His efforts were unsuccessful: Wren and Squire left the band in the wake of Second Coming’s release, and the Stone Roses imploded entirely after a catastrophic headlining performance at the 1996 Reading festival. But Mani’s next gig with Primal Scream had an remarkably energising effect on a band in a slump after the cool response to 1994’s rock-y Give Out But Don’t Give Up. His tone became more echo-laden, heavier and more distorted, but the swing that had provided the Stone Roses a unique edge was still present – especially on the laid-back rhythm of the 1997 single Kowalski – as was his skill to bring his playing to the front. His percussive, mesmerising low-end pattern is certainly the highlight on the fantastic 1999 single Swastika Eyes; his playing on Kill All Hippies – like Swastika Eyes, a standout of Xtrmntr, easily the best album Primal Scream had produced since Screamadelica – is superb.

Consistently an friendly, clubbable presence – the writer John Robb once noted that the Stone Roses’ aloofness towards the press was invariably punctured if Mani “let his guard down” – he took the stage at the Stone Roses’ 2012 reunion show at Manchester’s Heaton Park playing a customised bass that bore the legend “Super-Yob”, the moniker of Slade’s outrageously coiffured and permanently smiling axeman Dave Hill. Said reunion did not lead to anything more than a lengthy series of hugely profitable gigs – two fresh singles released by the reformed quartet only demonstrated that whatever magic had existed in 1989 had turned out impossible to rediscover 18 years later – and Mani discreetly declared his departure from music in 2021. He’d made his money and was now focused on fly-fishing, which furthermore offered “a great excuse to go to the pub”.

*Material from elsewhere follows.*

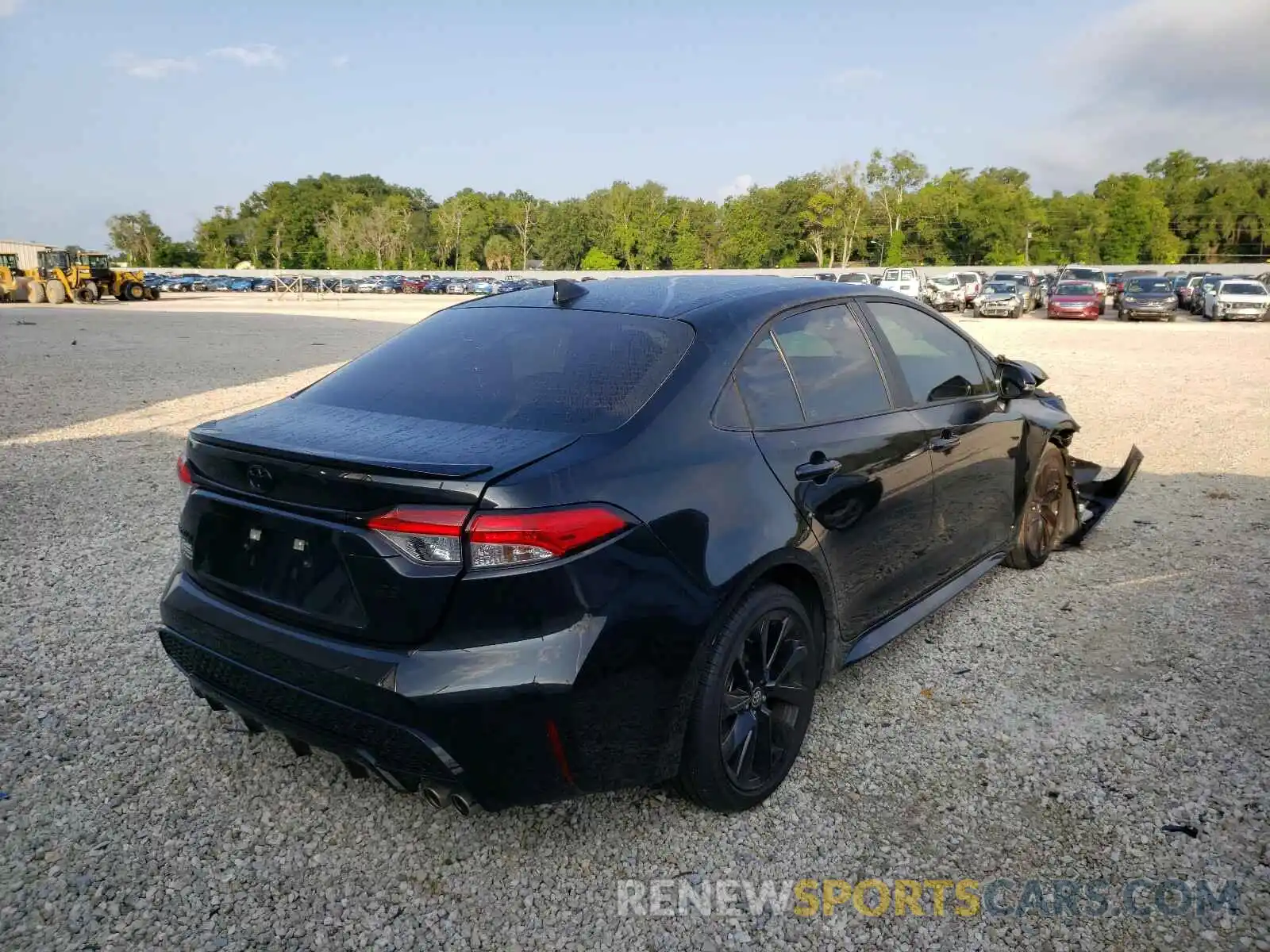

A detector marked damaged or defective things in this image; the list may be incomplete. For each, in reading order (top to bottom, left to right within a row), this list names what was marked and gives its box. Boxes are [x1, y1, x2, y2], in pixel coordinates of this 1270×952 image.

wrecked vehicle [154, 279, 1137, 812]
damaged front bumper [1067, 444, 1143, 543]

Maybe he thought he’d achieved plenty: he’d certainly made an impact. The Stone Roses were seminal in a variety of ways. Oasis undoubtedly took note of their swaggering approach, while the 90s British music scene as a movement was shaped by a desire to break the usual market limitations of indie rock and attract a more general public, as the Roses had done. But their most obvious direct influence was a sort of rhythmic shift: in the wake of their early success, you abruptly couldn’t move for alternative acts who aimed to make their fans dance. That was Mani’s artistic raison d’être. “It’s what the bass and drums are for, right?” he once stated. “That’s what they’re for.”

Nicole Price
Nicole Price

Travel enthusiast and writer with a passion for uncovering Italy's hidden coastal treasures and sharing cultural experiences.